▶ **Prompt**
Drop every picture, then repeat the records exactly.

▶ **Exercise inputs**
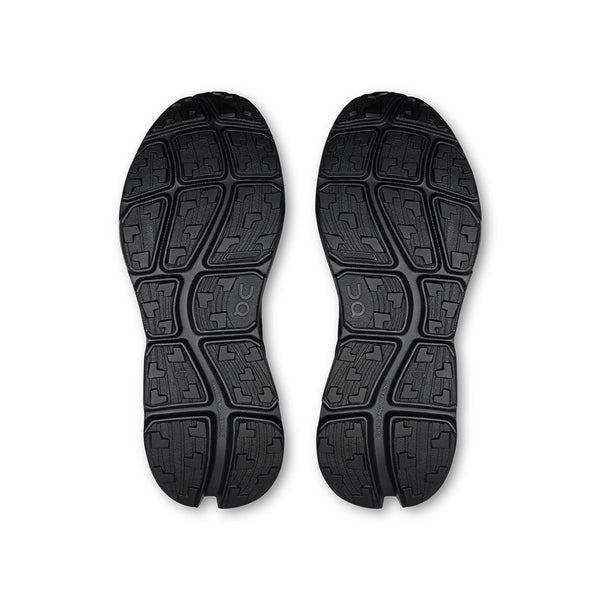 ON RUNNING - Cloudsoma Hike 1 W - ( Black | Black )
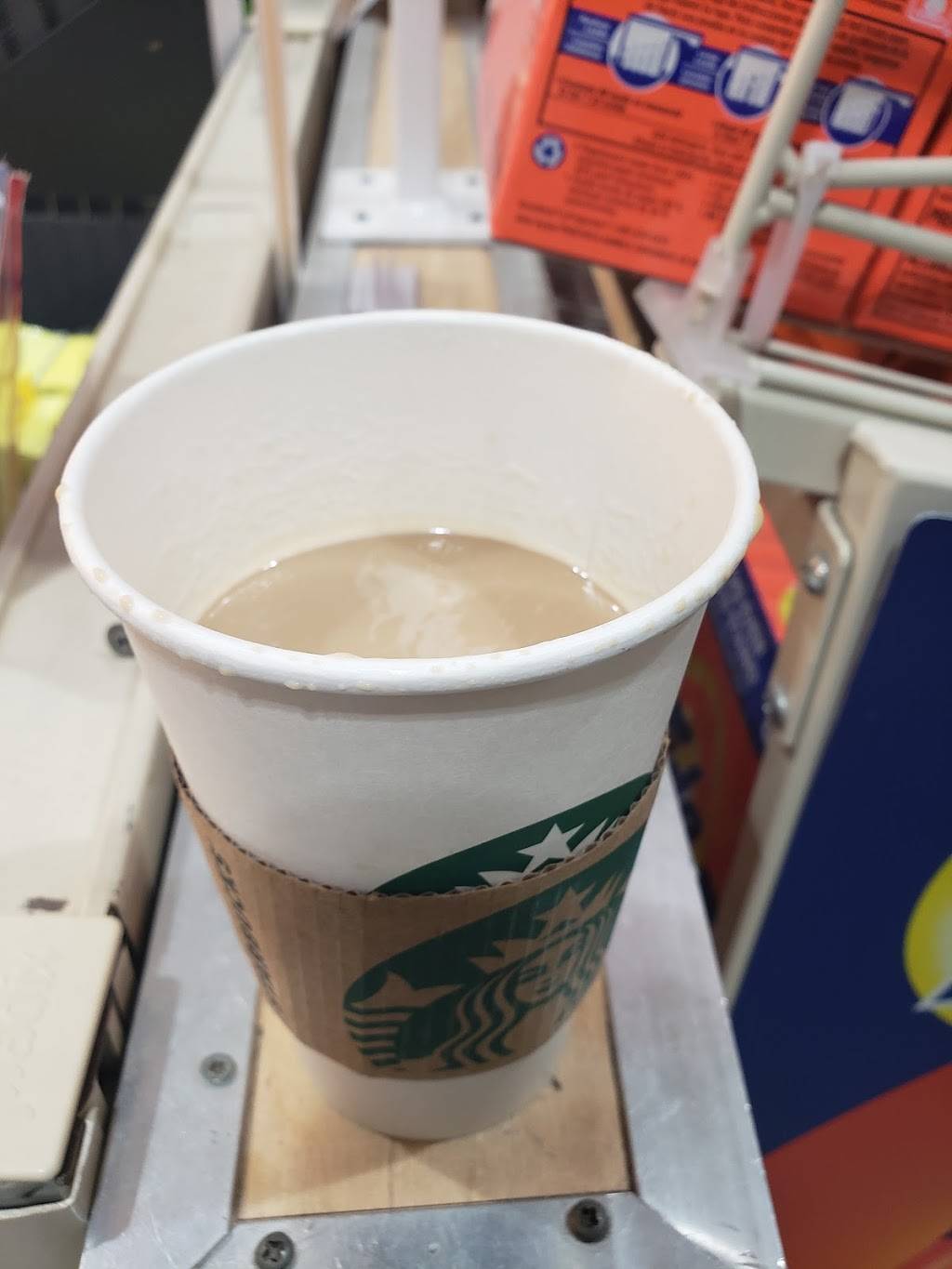 Starbucks | cafe | N96W17950 County Line Rd, Germantown, WI 53022, USA | 2625029144 OR +1 262-502-9144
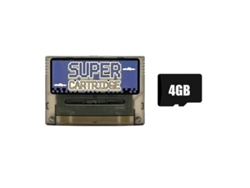 Juego 1000 En 1 Para Snes Tarjeta De Juego Sfc Para Super Famicom 16 Bits Versión Us/eu/jp Consola De Videojuegos B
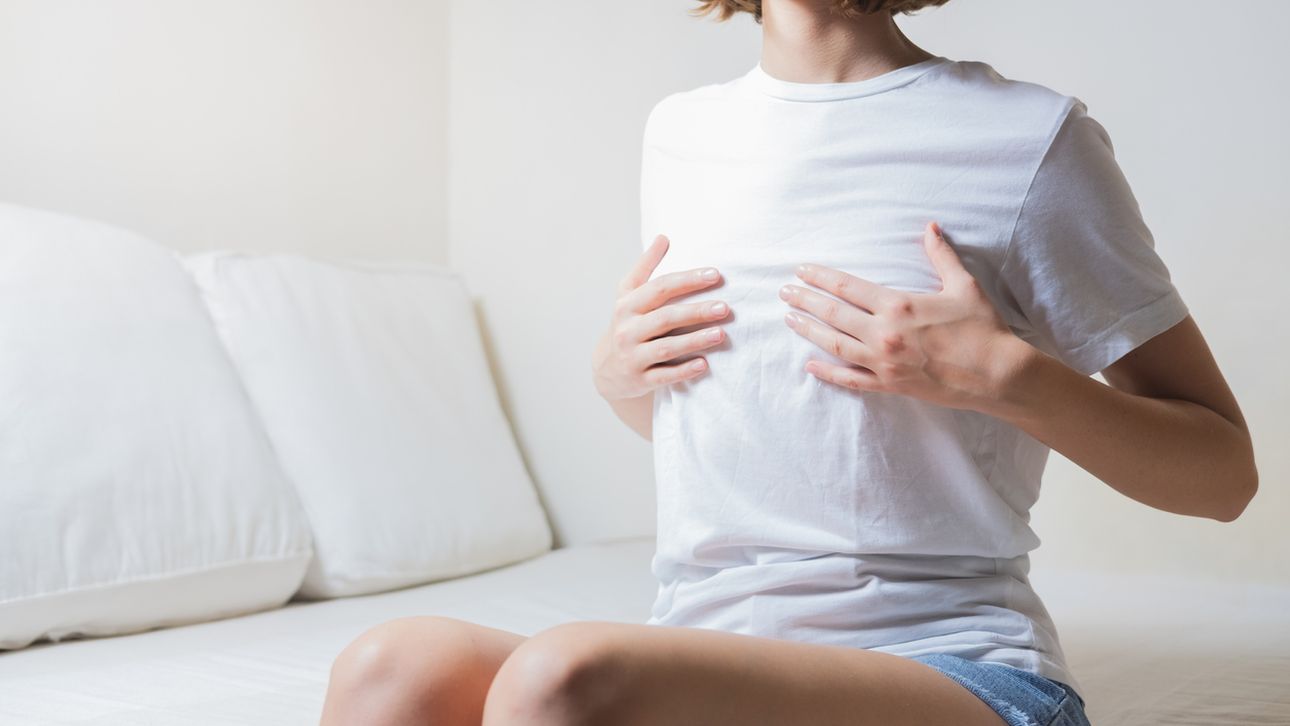 Wait, what? Op deze leeftijd stoppen je borsten echt met groeien Happy in Shape Wait, what? Op deze leeftijd stoppen je borsten echt met groeien Happy in Shape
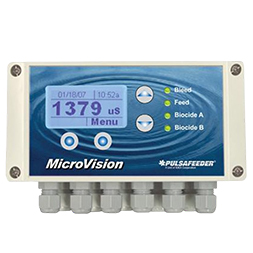 chilled water treatment system in UAE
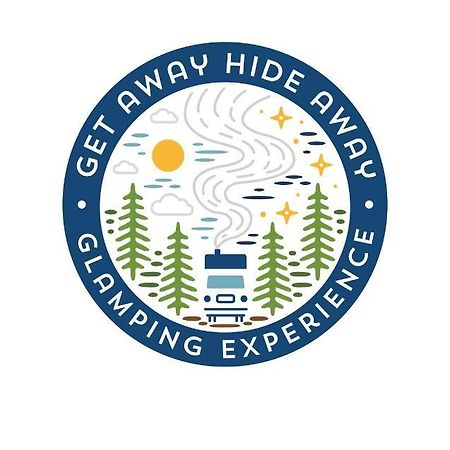 Vila Get Away Hide Away Dereham Exteriér fotografie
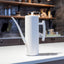 TETERA ACERO BLANCO 1000ML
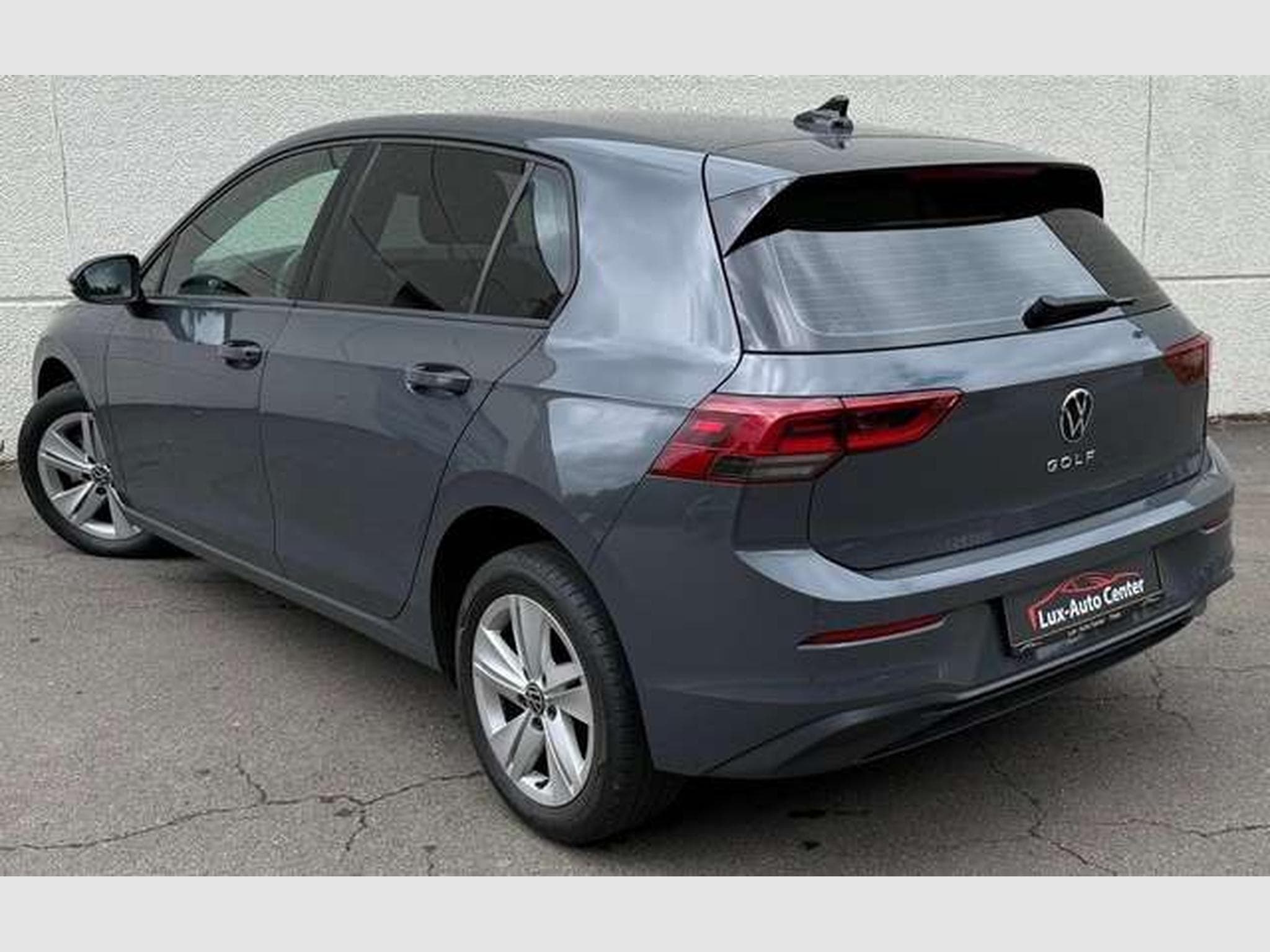 VW Golf Golf 1.0 TSI Life OPF (2021) - Photo 7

▶ **Solution for this task**
 ON RUNNING - Cloudsoma Hike 1 W - ( Black | Black )
 Starbucks | cafe | N96W17950 County Line Rd, Germantown, WI 53022, USA | 2625029144 OR +1 262-502-9144
 Juego 1000 En 1 Para Snes Tarjeta De Juego Sfc Para Super Famicom 16 Bits Versión Us/eu/jp Consola De Videojuegos B
 Wait, what? Op deze leeftijd stoppen je borsten echt met groeien Happy in Shape Wait, what? Op deze leeftijd stoppen je borsten echt met groeien Happy in Shape
 chilled water treatment system in UAE
 Vila Get Away Hide Away Dereham Exteriér fotografie
 TETERA ACERO BLANCO 1000ML
 VW Golf Golf 1.0 TSI Life OPF (2021) - Photo 7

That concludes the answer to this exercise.